Prenatal alcohol exposure around the time of conception resulted in a reduction in all 1CM components in the placenta in late gestation, particularly those in the folate cycle, some of which were also reduced in the maternal and fetal compartments. Maternal choline supplementation increased components of 1CM, restoring levels in PCE-exposed placentas to those of unsupplemented controls. There were also sex-specific effects of both PCE and choline on 1CM that may underlie the alterations to placental DNAm that were previously reported in this model. Choline supplementation reduced Ach in control placentas but not in PCE-exposed placentas, the consequences of which require further investigation. However, importantly, there were no effects on Ach in the fetal brain. This study provides further mechanistic insights into the interactions between prenatal diet and alcohol exposure, and emphasizes the importance of maternal dietary choline intake, particularly when alcohol is consumed around conception.

Supplementary Materials

The following supporting information can be downloaded at: https://www.mdpi.com/article/10.3390/nu14091874/s1. Figure S1: Effects of PCE and prenatal choline on components of the folate cycle (A–C), choline pathway (D–F), and methionine cycle (G–J) in late-gestation maternal plasma. Figure S2: Effects of PCE and prenatal choline on components of the folate cycle in placentas of male (A,B) and female (C,D) fetuses. Figure S3: Effects of PCE and prenatal choline on components of the choline pathway in placentas of male (A,B) and female (C,D) fetuses. Figure S4: Effects of PCE and prenatal choline on components of the methionine cycle in placentas of male (A–C) and female (D–F) fetuses. Figure S5: Effects of PCE and prenatal choline on expression of phosphatidylethanolamine methyl transferase (Pemt) in placentas of male (A) and female (B) fetuses. Figure S6: Effects of PCE and prenatal choline on components of the folate cycle in male (A–C) and female (D–F) fetal plasma. Figure S7: Effects of PCE and prenatal choline on components of the methionine cycle in male (A–D) and female (E–H) fetal plasma. Figure S8: Effects of PCE and prenatal choline on components of the choline pathway in male (A–C) and female (D–F) fetal plasma. Figure S9: Effects of periconceptional ethanol and choline supplementation on acetylcholine (Ach) levels in maternal plasma (A), fetal plasma (B,D), and fetal liver (C,E). Table S1: Primers used for real-time quantitative PCR analysis of gene expression. Table S2: Effects of periconceptional ethanol and choline supplementation on components of the one-carbon metabolism (1CM) pathway in the fetal liver. Table S3: The effects of periconceptional ethanol and choline supplementation on components of the one-carbon metabolism (1CM) pathway in the fetal brain.

Author Contributions

Conceptualization, L.K.A., S.E.S., J.S.M.C. and K.M.M.; formal analysis, S.E.S., L.K.A. and V.K.; funding acquisition, S.E.S., L.K.A. and K.M.M.; methodology, S.E.S., V.K., J.S.M.C., L.K.A. and K.M.M.; supervision, L.K.A. and K.M.M.; writing—original draft, S.E.S.; writing—review and editing, S.E.S., L.K.A., J.S.M.C. and K.M.M. All authors have read and agreed to the published version of the manuscript.

Funding

This research was funded by National Health and Medical Research Council for support of S.E.S. (grant number APP1191217) and K.M.M. (grant number APP1078164); Children’s Hospital Foundation Mary McConnel Boost Program for Women in Paediatric Research for L.K.A. (award reference number 50331).

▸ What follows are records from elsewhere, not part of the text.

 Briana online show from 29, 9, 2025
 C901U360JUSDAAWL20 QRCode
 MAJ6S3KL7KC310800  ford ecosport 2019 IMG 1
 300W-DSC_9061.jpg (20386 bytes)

Institutional Review Board Statement

The animal study protocol was approved by the University of Queensland Anatomical Biosciences Animal Ethics Committee (SBMS/467/14/NHMRC).

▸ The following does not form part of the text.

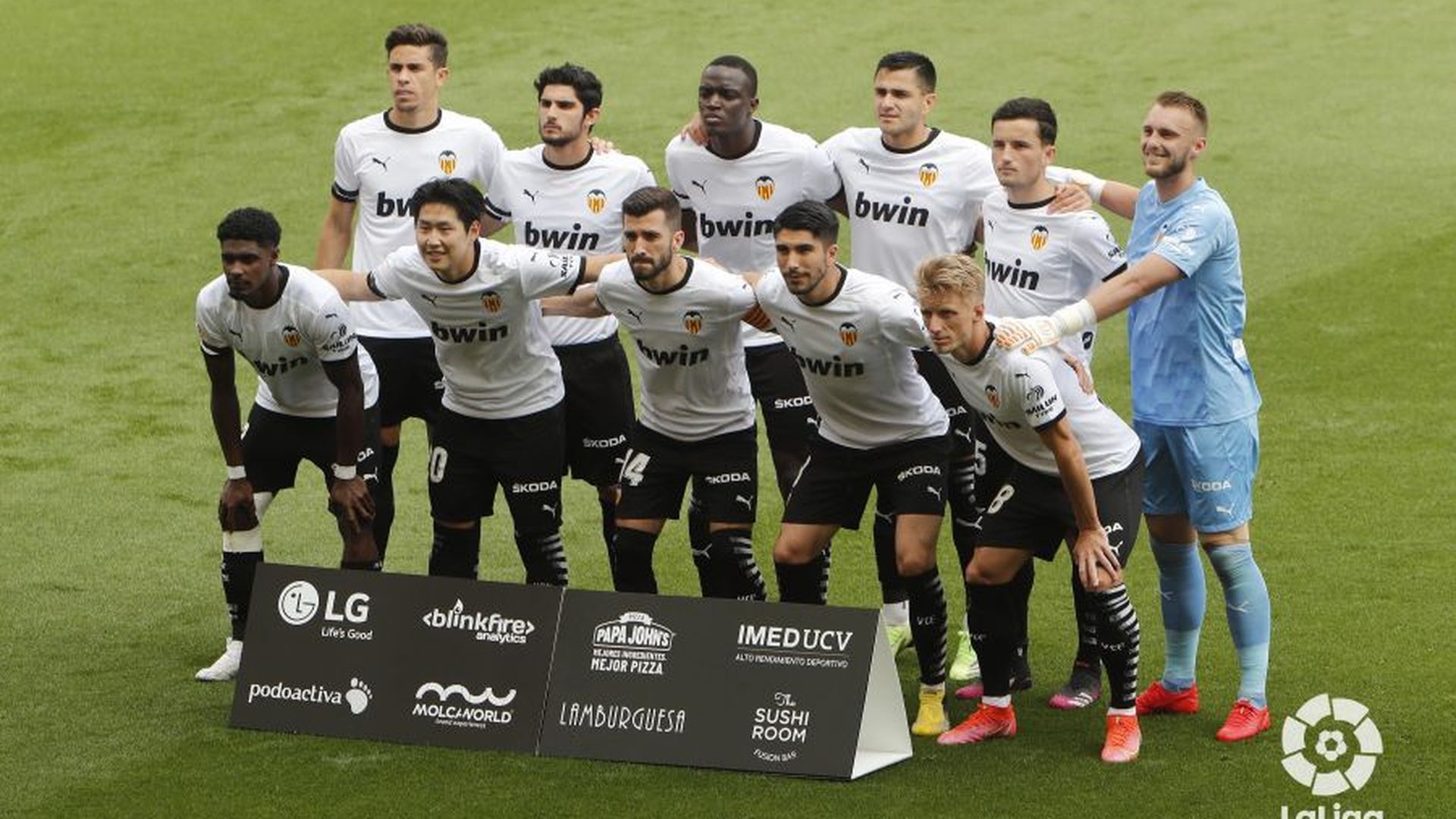 valencia_valladolid_foto_laliga_005.jpeg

Informed Consent Statement

Not applicable.

Data Availability Statement

All the processed data are available as manuscript figures or supplementary information.

Acknowledgments

The authors would like to thank: Emelie M. Gårdebjer, Emily S. Dorey, and Jacinta I. Kalisch-Smith for their contributions to the development of the animal model; Arree M. Fielding, Nykola L. Kent, Isabella Andersen, Daniel J. Browne, and Guo Wei (Jeoff) Cheng for assistance with tissue collections; and Dave Herne and Barb Arnts from the University of Queensland Biological Resources (UQBR) for assistance with animal treatments and husbandry.

Conflicts of Interest

The authors declare no conflict of interest.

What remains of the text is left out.